*COLLECTED MATERIAL*.
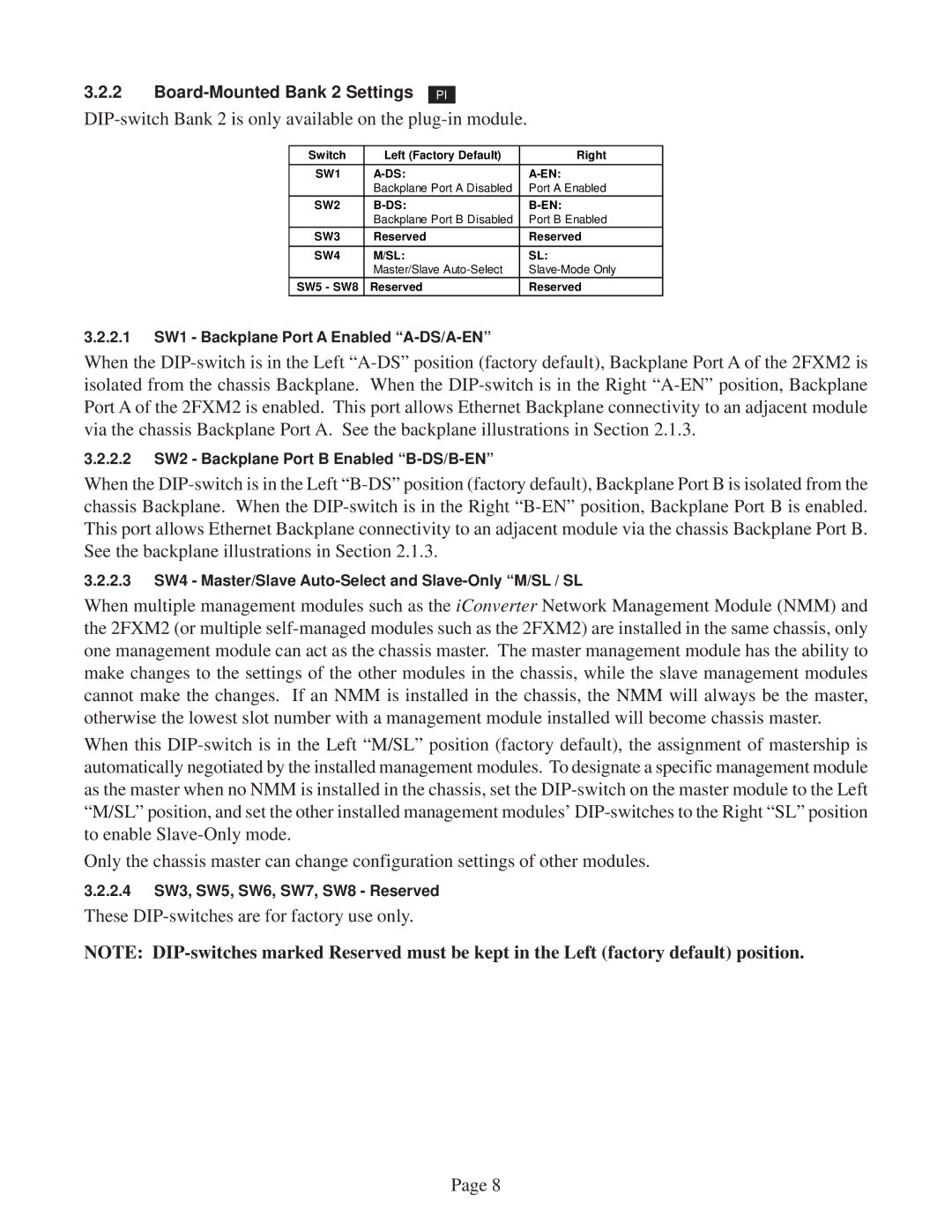 Omnitron Systems Technology 2FXM2 user manual DIP-switch Bank 2 is only available on the plug-in module 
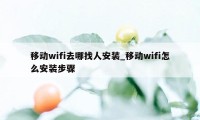 移动wifi去哪找人安装_移动wifi怎么安装步骤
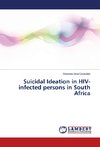 Suicidal Ideation in HIV-infected persons in South Africa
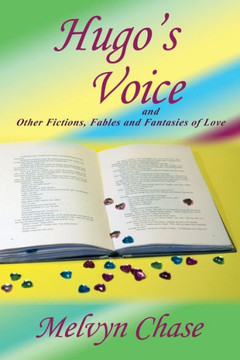 Hugo's Voice And Other Fictions, Fables And Fantasies Of Love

*PROBLEM DETAILS*.
Every line from the one with "移动wifi去哪找人安装_移动wifi怎么安装步骤" through the last line of the material gets printed exactly, and nothing more. Omit the pictures.

*ANSWER TO THIS TASK*.
 移动wifi去哪找人安装_移动wifi怎么安装步骤
 Suicidal Ideation in HIV-infected persons in South Africa
 Hugo's Voice And Other Fictions, Fables And Fantasies Of Love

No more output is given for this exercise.